I've been trying to figure out how to add a tilt pot, like the diode trick, that isn't affected by the rate knob.
In other words, if I've got the tilt pot maxed, and that gives me something like a ratio of 50:1 for rampup:rampdown time, I want it to be 50:1 no matter what the rate pot is.
I tried using a dual gang pot for rate, with one part for the normal rate pot, and the other in parallel with the tilt section. Both rate and tilt were 1M. I added a 10k resistor in parallel with the rate portion of the rate pot, and 2 k in series with the tilt portion of the rate pot. Also, in series with the whole thing is a 200 ohm. The cap in the oscillator is 10uF. These are just ideal values. Anyway, I wanted a max ratio of 50:1, and that seemed to give me 50:1 at both ends (Rforward/Rreverse). The only problem is that I figured out the function for the ratio, or duty, if that's the right word, and it's very non-linear. The function I'm getting, using kiloohms instead of ohms, with 1000k for tilt in one direction and 0 in the other direction, is Duty = 1 + (1000Rr + 2000)(Rr + 10) / [(Rr + 1002)(10.04Rr + 0.4)] , where Rr is the resistance set by the rate pot. That gave me lovely, perfect values at all the endpoints, nice range of rates, etc... but in between, it behaved horribly.
Does anyone have any ideas as to how to add a tilt pot without the duty set by this tilt pot being affected by the rate pot?
Do boxes with tilt controls, like the pulsar and catalinbread semaphore, behave this way, or do they just let you deal with the difference?
Thanks a lot!

gez

Don't really understand your post.  If you use the pot and 2 diodes trick then 'tilt' is independent of rate.
"They always say there's nothing new under the sun.  I think that that's a big copout..."  Wayne Shorter

varialbender

Hmmm.... let me try to think this through again.
The formula for rate in the oscillator I'm using is F=100/62(4*R*C)
My understanding is that the Duty cycle is Rforward/Rreverse.
For a 1M tilt pot, and 1M rate pot, with both maxed, you get Duty = (1M+1M)/(1M) = 2
Whereas when the rate pot is at half (0.5M) you get Duty = (1M+0.5M)/(0.5M) = 3
I'm hoping I'm wrong and you're right, and that you can point out my error(s).
Am I right in thinking that the Duty cycle is Rforward/Rreverse?
Anyway, I've breadboarded it, and I noticed that the Duty cycle varies with the rate pot, so unfortunately, I'm thinking I'm right here :(

gez

I haven't really read thru either of your posts in any detail as there's no point without a schematic, or at least an written outline of what the LFO is.  If you do that, I'm sure you'll get some help.
"They always say there's nothing new under the sun.  I think that that's a big copout..."  Wayne Shorter

Paul Perry (Frostwave)

I can't lay my hands on it, but isn't there a way with a couple of diodes and a pot? You have a triangle generator with a pot having the wiper divide it into a charge and a discharge resistor.
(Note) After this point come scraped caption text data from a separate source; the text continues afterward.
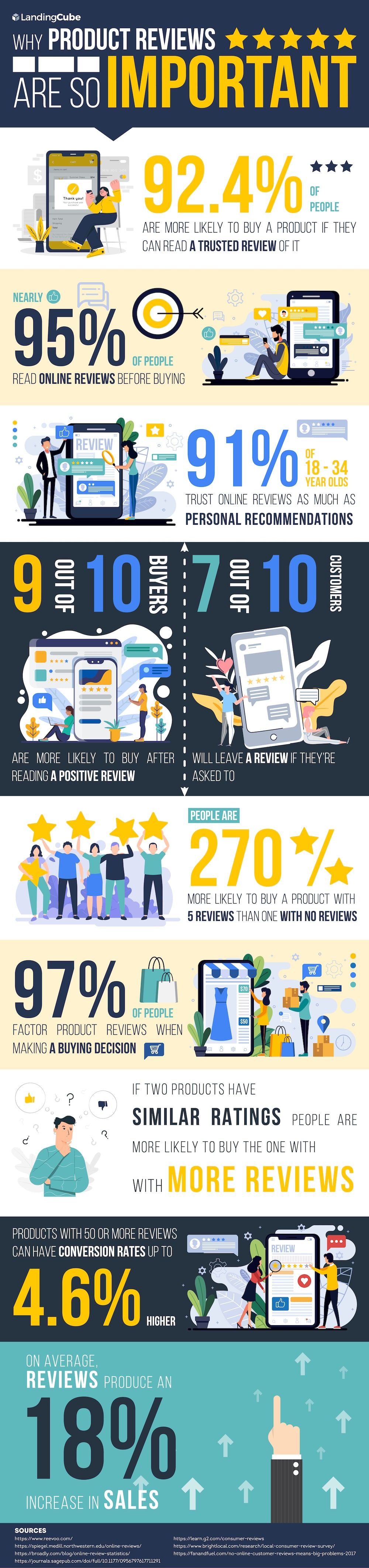 product-reviews-infographic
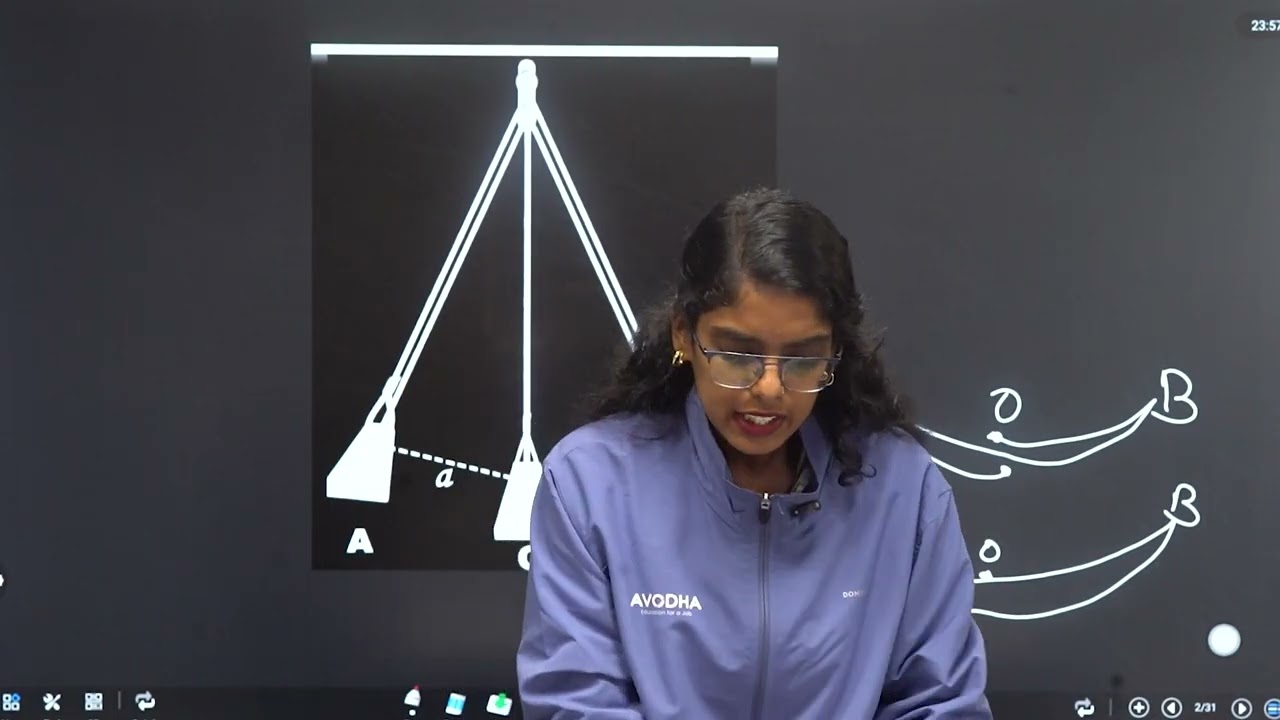 Sound Waves | Avodha Free Learning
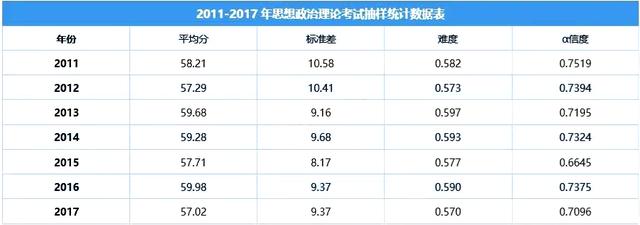 考研平均分公布！看完英语的平均分，感觉21/22考研会更难？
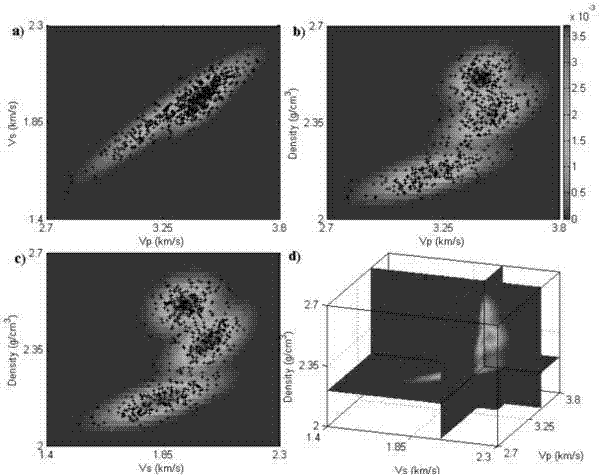 Method for synchronously realizing seismic lithofacies identification and quantitative assessment of uncertainty of seismic lithofacies identification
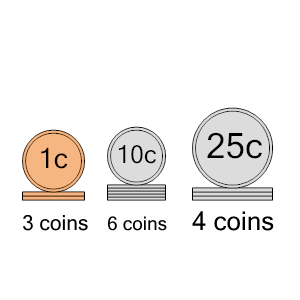 An svg image showing a math problem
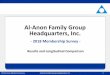 Al-Anon Family Group Headquarters, Inc. · The Al-Anon World Service Office (WSO) has conducted a membership survey every three years since 1984. The 2018 Membership Survey is the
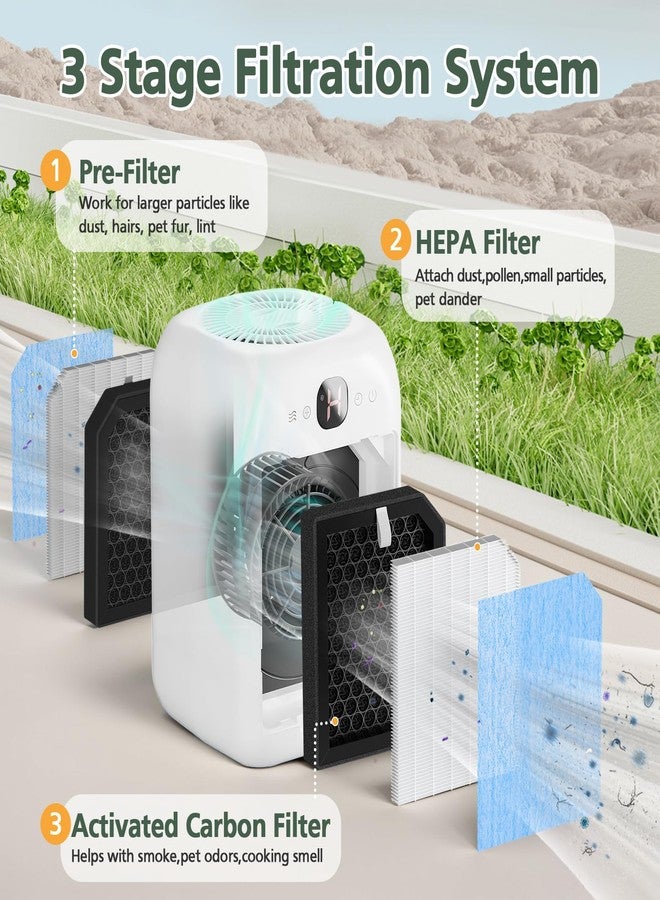 isinlive 6 PACK AP1501 Replacement Filter Compatible with Aircillin AP1501 Air Purifi-er for Home Large Room, 3-in-1 HEPA Filter and Activated Carbon Filter - Image 3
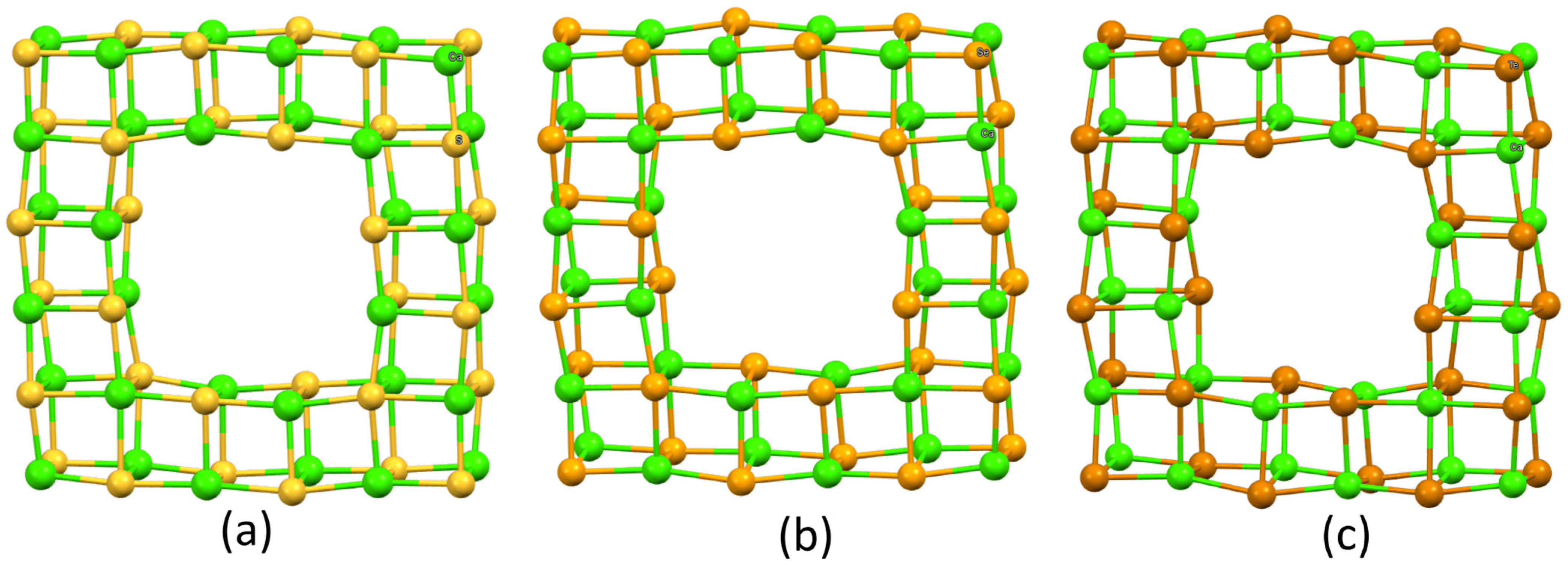 Crystals 15 00392 g009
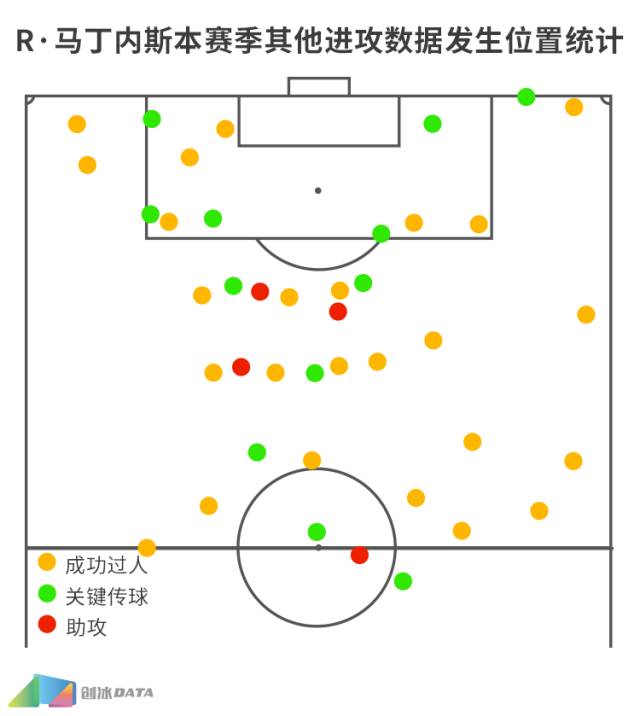 2018中超马丁内斯,达米安·马丁内斯中超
The idea being, that charge time & discharge time are proportional to the relevant resistors, so total charge-discharge cycle is constant.

R.G.

50:1 is not simple, because the imperfections of simple circuitry become perceptible unless you go to more complex circuits. 10:1 is easily doable.
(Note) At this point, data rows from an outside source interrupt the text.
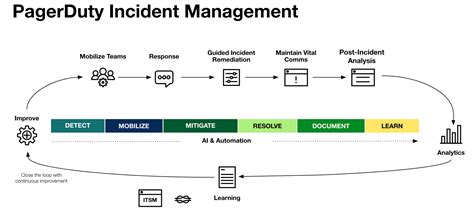 Build More Resilient Operations With PagerDuty Incident Management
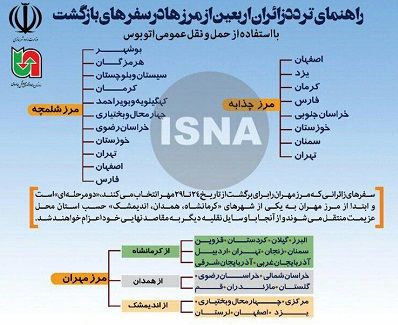 اینفوگرافی/ راهنمای تردد زائران اربعین از مرزها در سفرهای بازگشت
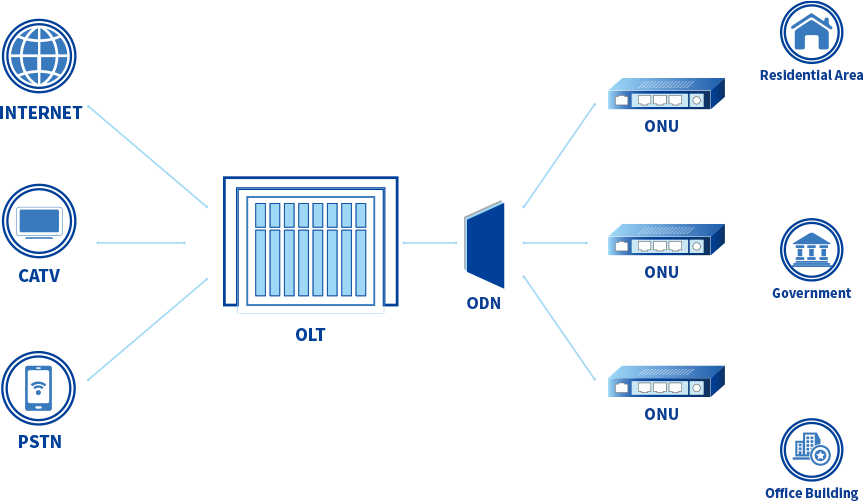 首页| 6008集团有限公司官方网站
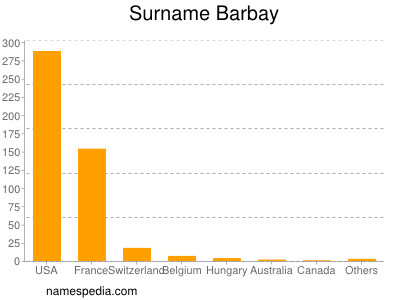 Surname Barbay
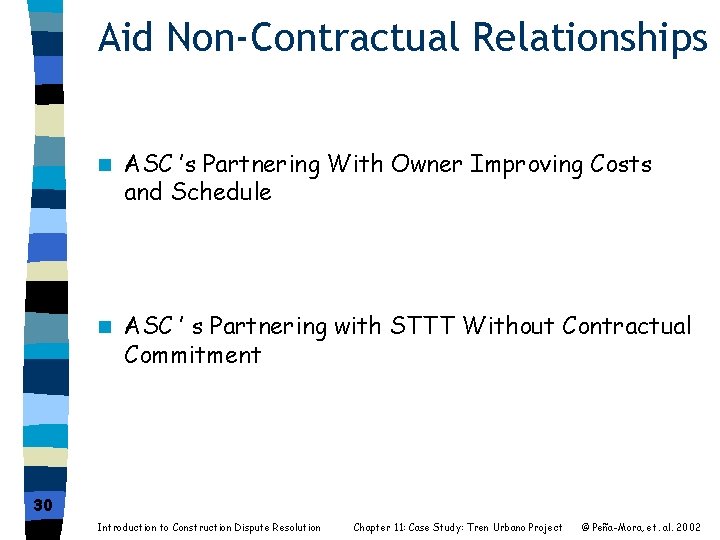 Aid Non-Contractual Relationships n ASC ’s Partnering With Owner Improving Costs and Schedule n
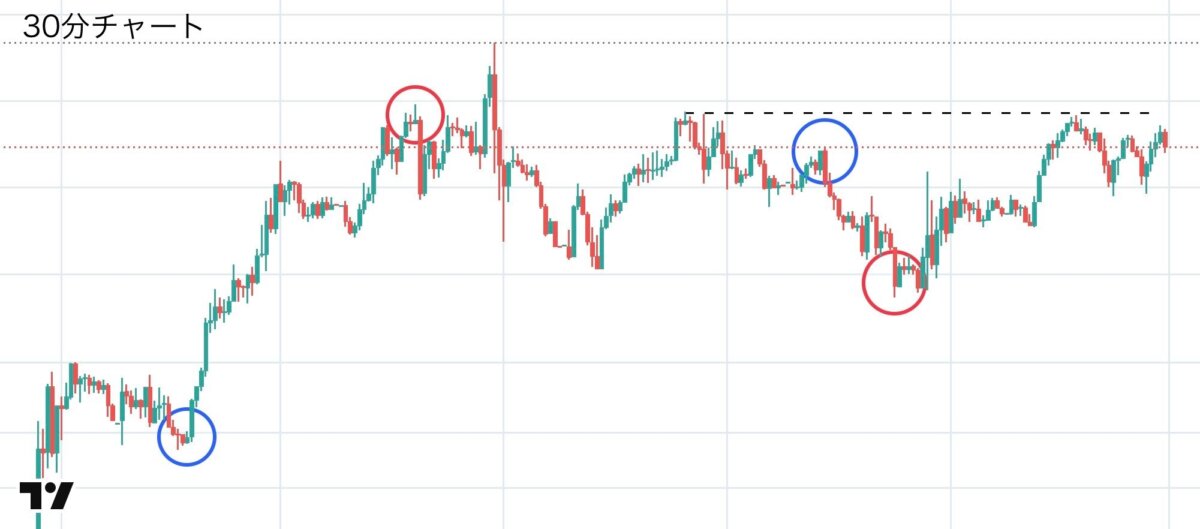 ブログ 6 - 修正波を見極めろ！9月8日〜11日のGOLDトレード実践記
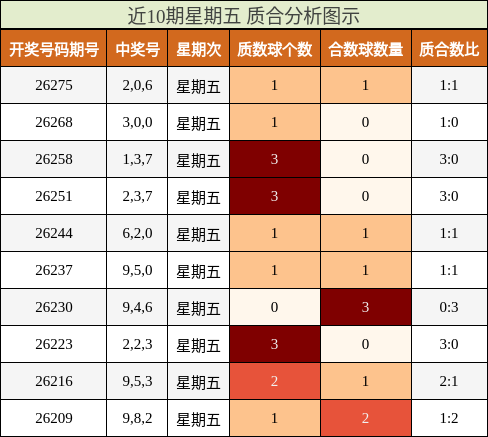 近10期星期五 质合分析图示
To do this, one makes a standard integrator/schmitt trigger oscillator, but separates the up down integration voltage by feeding the output of the schmitt to the wiper of the duty cycle pot and taking the output of the duty cycle pot off the end lugs with two diodes, one feeding positive and the other negative to the speed pot. The speed pot can then be a series variable resistor or a voltage divider pot into a fixed single resistor into the integrator.

The + and - excursions out of the schmitt trigger are equal voltages and opposite polaraties around the schmitt reference, so the duty cycle is always the sum of the + and - integration times. In a stock setup, these are equal. But with diodes separating the polarities, you integrate faster one way than the other.

The imperfections of the pots and opamps are likely to show up if you want a real 50:1, so it takes some careful design to get to an accuracy which is imperceptable compared to 2% on the ends. Not impossible, as synths do this, but not trivial.
R.G.

In response to the questions in the forum - PCB Layout for Musical Effects is available from The Book Patch. Search "PCB Layout" and it ought to appear.

varialbender

Sorry, I tried to describe the circuit a bit, and would post a drawing, but I'm not on my home computer.
I'll post a picture of the circuit soon, hopefully.

R.G. and Paul, I'm not sure that I see the difference between the circuit you describe and the one I'm using.
Might you happen to have a picture of the circuit you're describing?
If not, you can tell me if they're the same when I post mine.
I'm not sure I understand why you're saying 50:1 would be difficult.
What would the error sound like?
Would it be close enough to sound good?
Would it only really be noticeable when it's oscillating in audio frequencies?
I'll try to search for some synth schematics, but can you think of any in particular that are worth checking out?

Thanks a lot


varialbender

I messaged Nick from Catalinbread, and he suggested I try adding a unity gain follower between the rate and tilt pot.
I'm not sure how that works, theory-wise. Anyone seen this before? Mind explaining it to me?
Thanks

Paul Perry (Frostwave)

thanks RG, that's exactly what I dimly remember! but, buggered if I can find an example on the web..

gez

Quote from: varialbender on July 06, 2006, 08:53:59 PM
I messaged Nick from Catalinbread, and he suggested I try adding a unity gain follower between the rate and tilt pot.
I'm not sure how that works, theory-wise. Anyone seen this before? Mind explaining it to me?
Thanks

If you have a series resistance between the schmidtt trigger and integrator controlling rate, it will make the falling slope of a tooth more gentle at lower rates.  Divide down the square with a smaller value pot than used for the 'tilt' control and it not only helps overcome this but can give a more 'linear' feel to the rate pot.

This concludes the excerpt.